Directions for this task: Each record below is to be output unchanged, and any picture is to be dropped.

Short text fragments from websites

------------------------------------------------------------------------

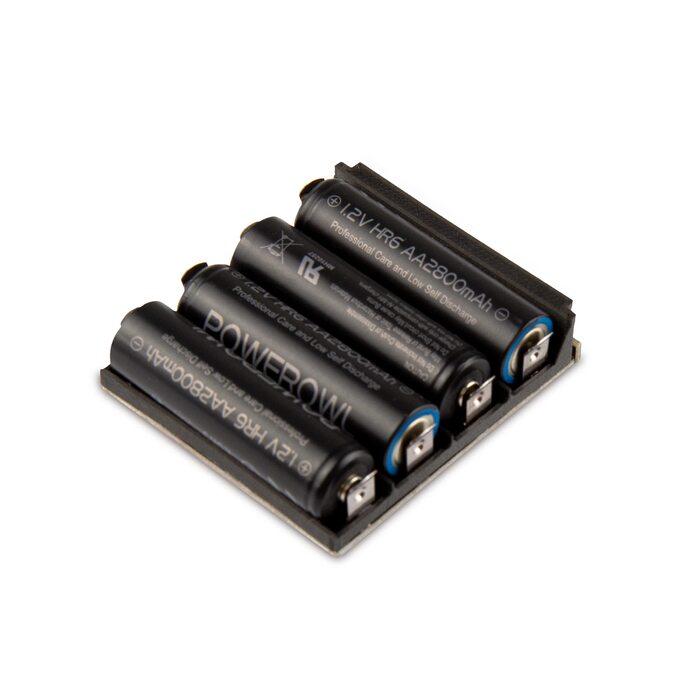 Акумулятор (адаптер для батарейок типу AA Aventura 2) Адаптер для батарейок типу AA Aventura 2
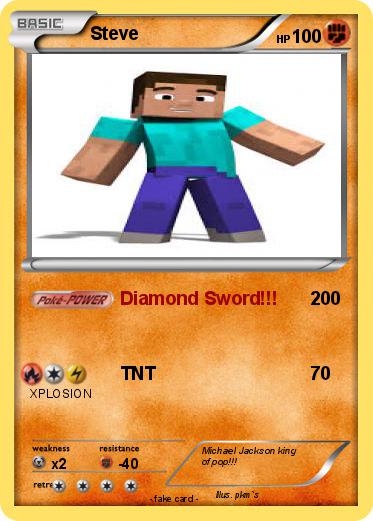 Pokemon Steve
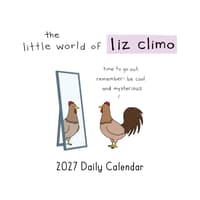 image Liz Climo 2027 Desk Calendar Main Product Image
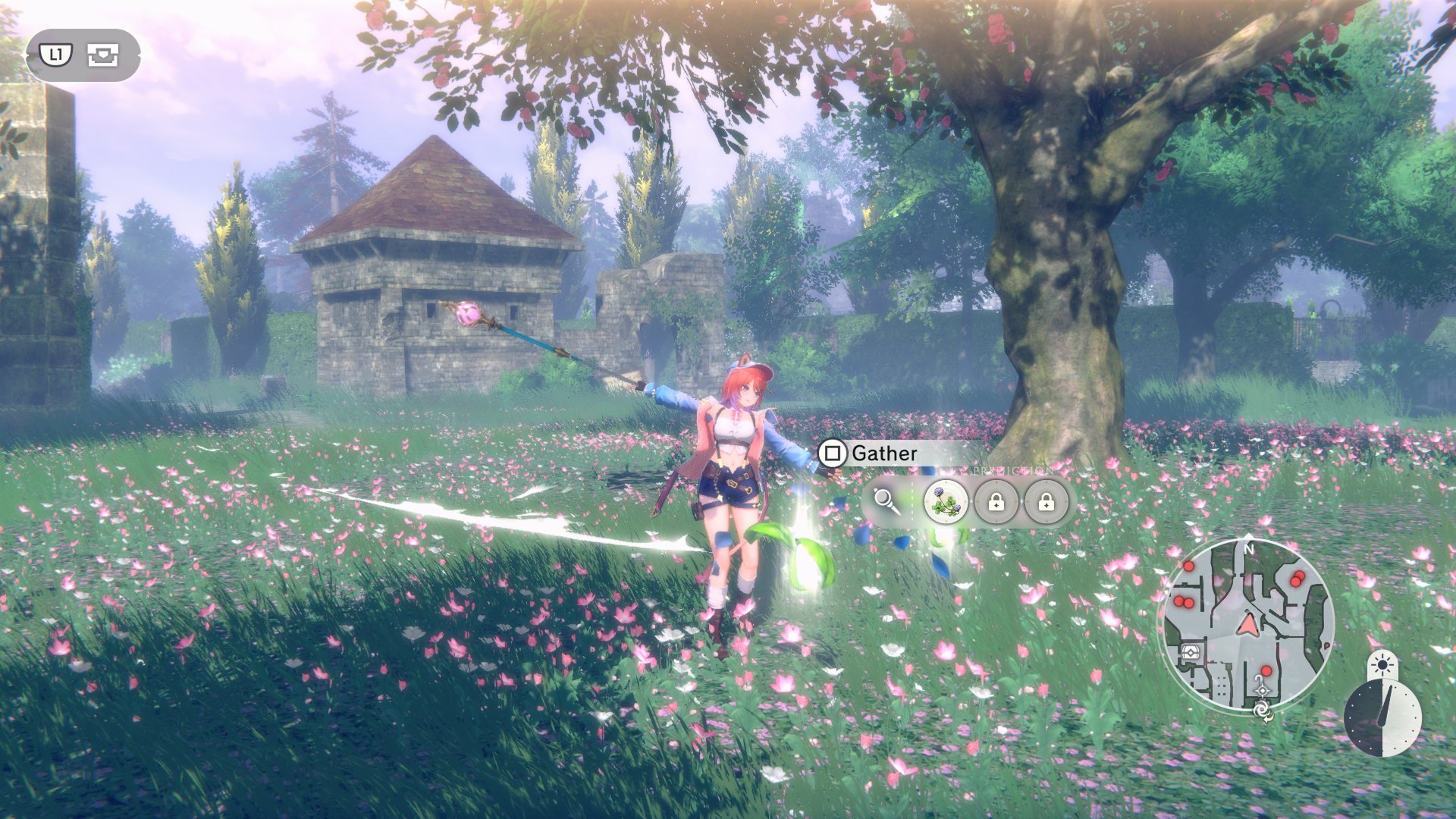 Atelier Resleriana: The Red Alchemist &amp; The White Guardian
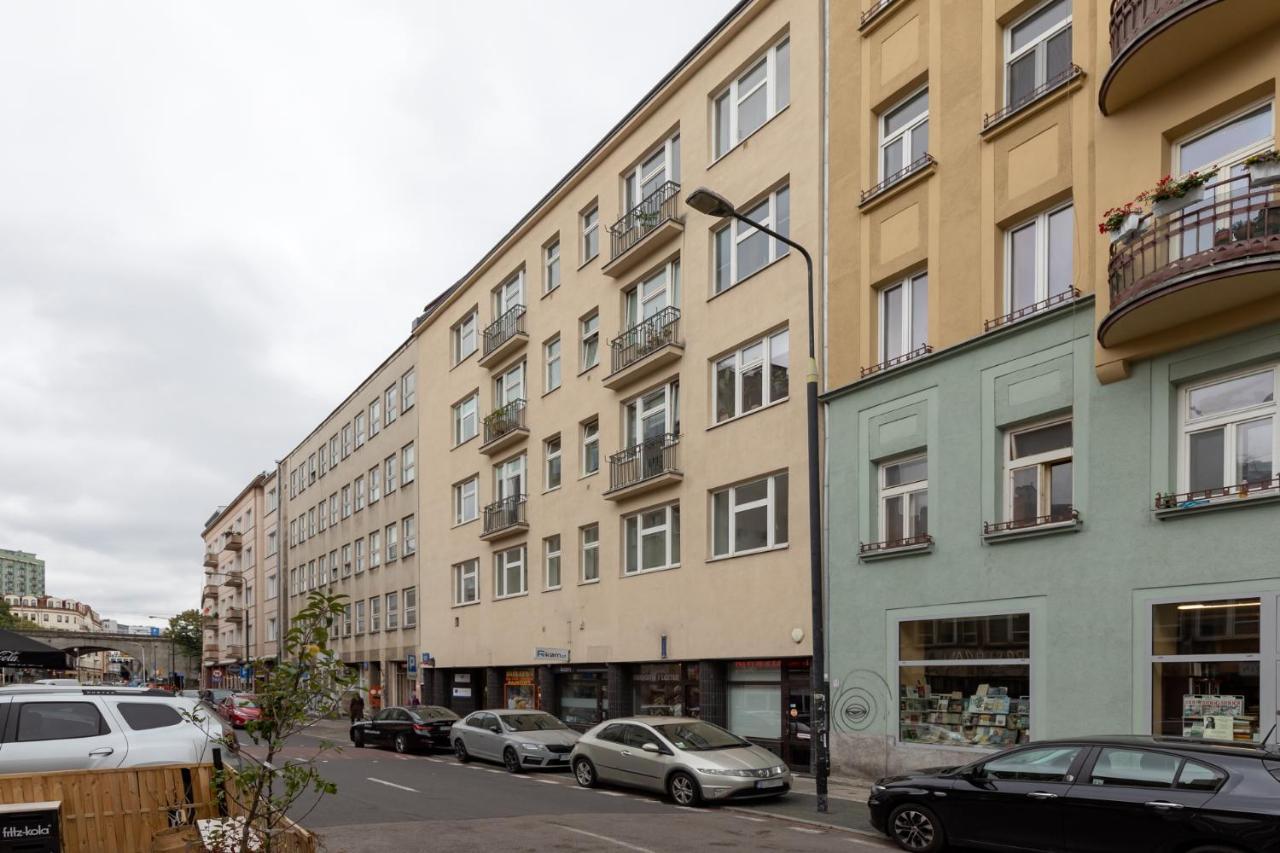 Rent Like Home - Solec 101 Βαρσοβία Εξωτερικό φωτογραφία
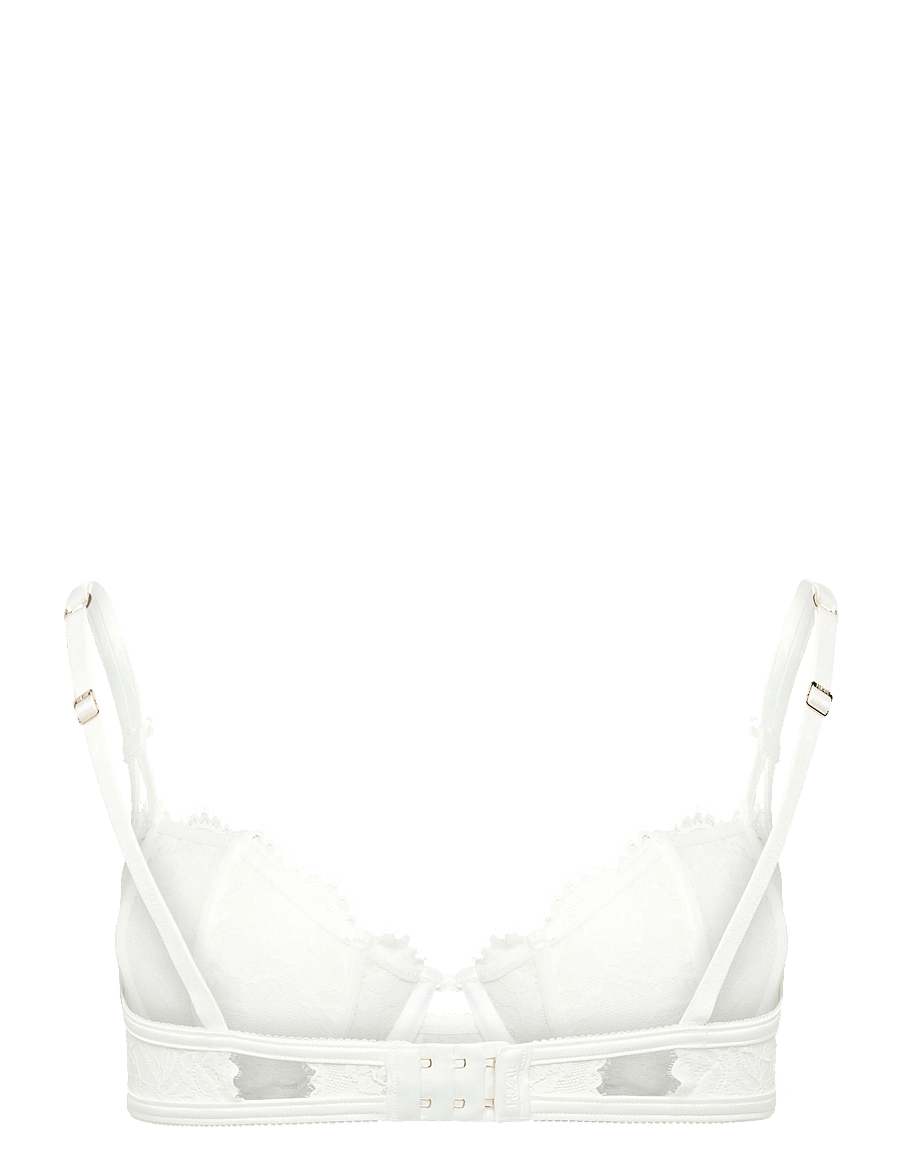 Etam - BELOVED - CLASSIC BRA - balconette bh:ar - white - 1
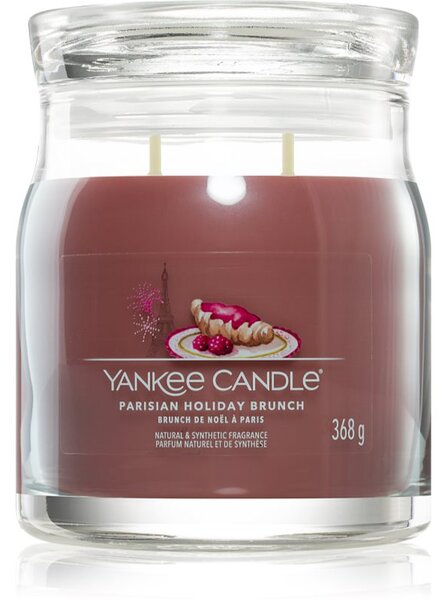 Yankee Candle Parisian Holiday Brunch mirisna svijeća 368 g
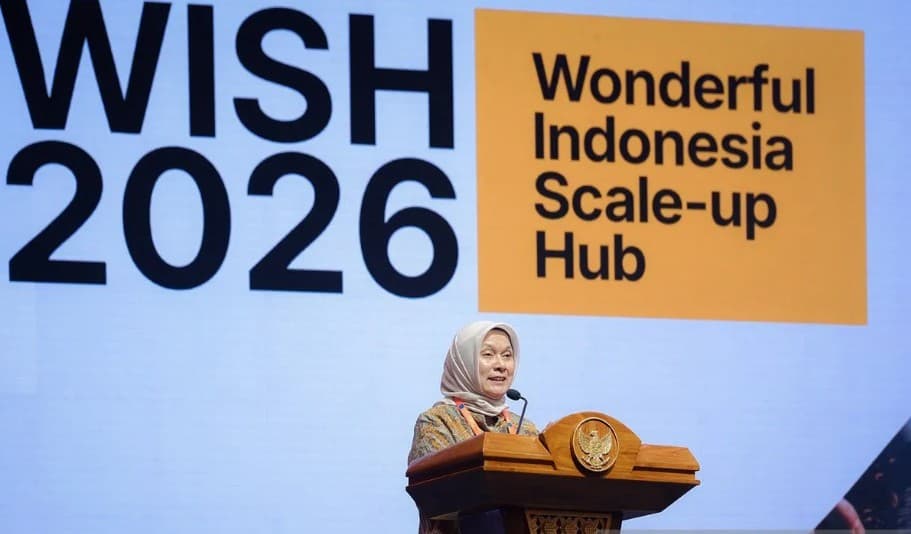 Kemenpar Dorong Investasi dan Daya Saing Usaha Pariwisata Lewat WISH 2026, Sebanyak 25 Peserta Terpilih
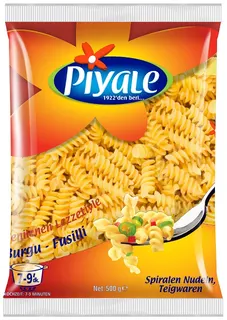Piyale Fusilli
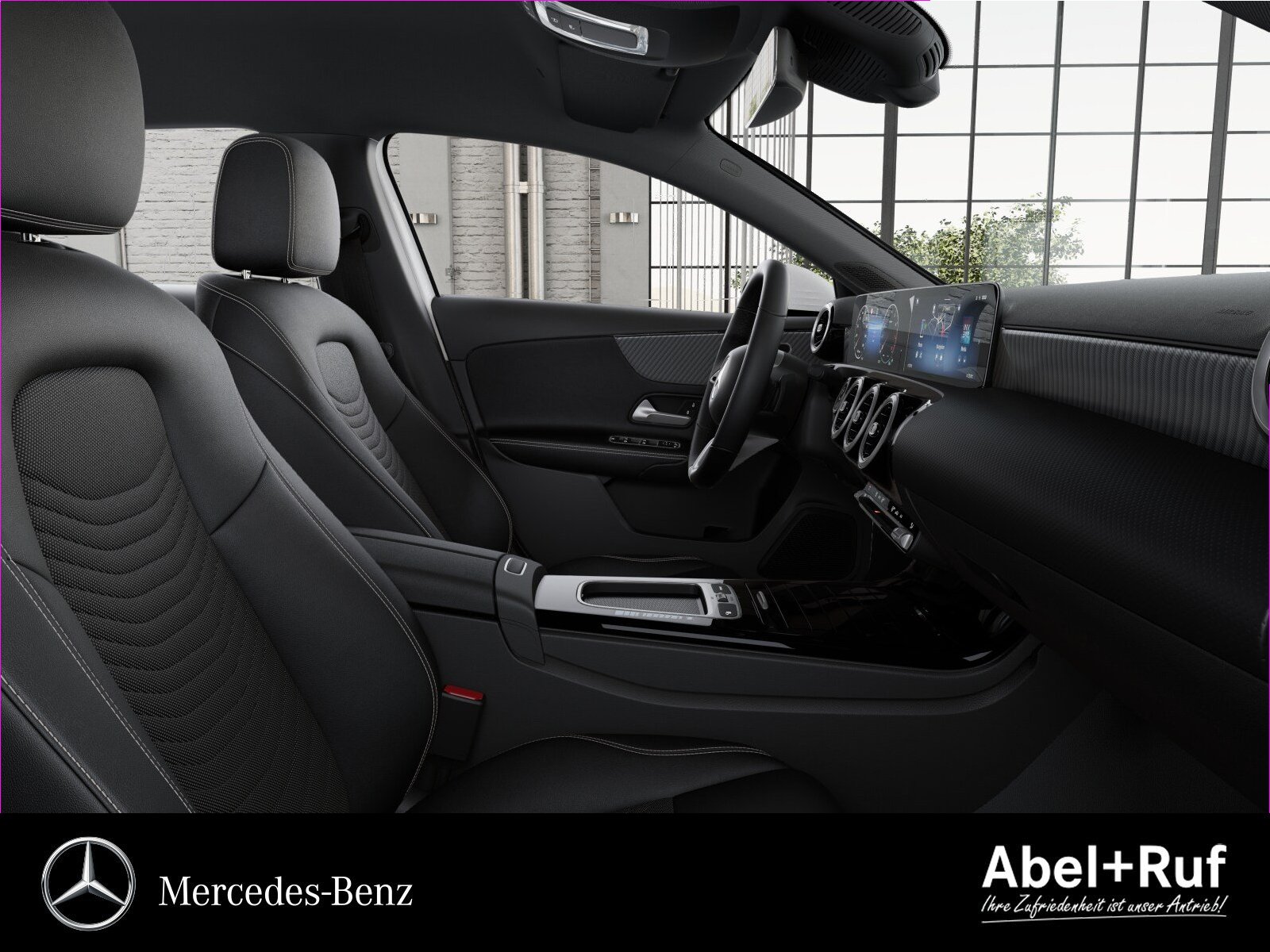 A 180 PROGRESSIVE+LED+Kamera+CarPlay+LrHz+SHz Bild 8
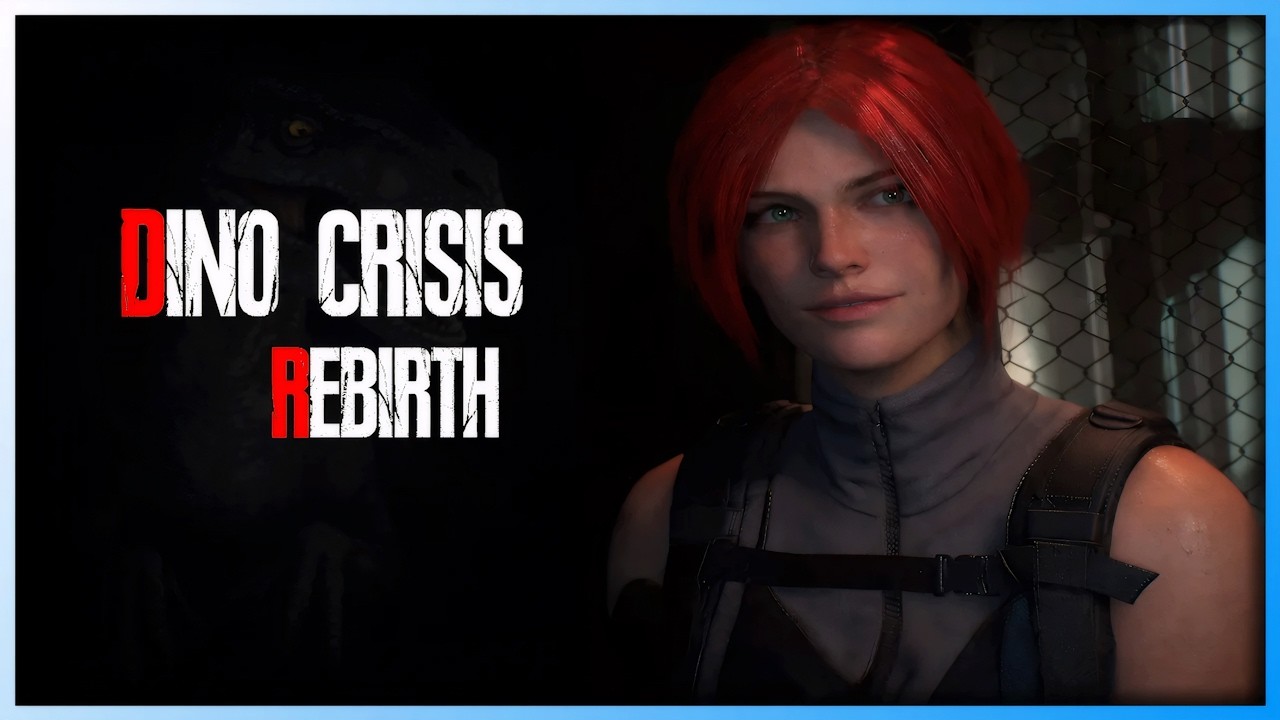 CAPCOM'S Biggest Mistake? Destroying This DINO CRISIS Masterpiece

------------------------------------------------------------------------

Solution:
 Акумулятор (адаптер для батарейок типу AA Aventura 2) Адаптер для батарейок типу AA Aventura 2
 Pokemon Steve
 image Liz Climo 2027 Desk Calendar Main Product Image
 Atelier Resleriana: The Red Alchemist &amp; The White Guardian
 Rent Like Home - Solec 101 Βαρσοβία Εξωτερικό φωτογραφία
 Etam - BELOVED - CLASSIC BRA - balconette bh:ar - white - 1
 Yankee Candle Parisian Holiday Brunch mirisna svijeća 368 g
 Kemenpar Dorong Investasi dan Daya Saing Usaha Pariwisata Lewat WISH 2026, Sebanyak 25 Peserta Terpilih
Piyale Fusilli
 A 180 PROGRESSIVE+LED+Kamera+CarPlay+LrHz+SHz Bild 8
 CAPCOM'S Biggest Mistake? Destroying This DINO CRISIS Masterpiece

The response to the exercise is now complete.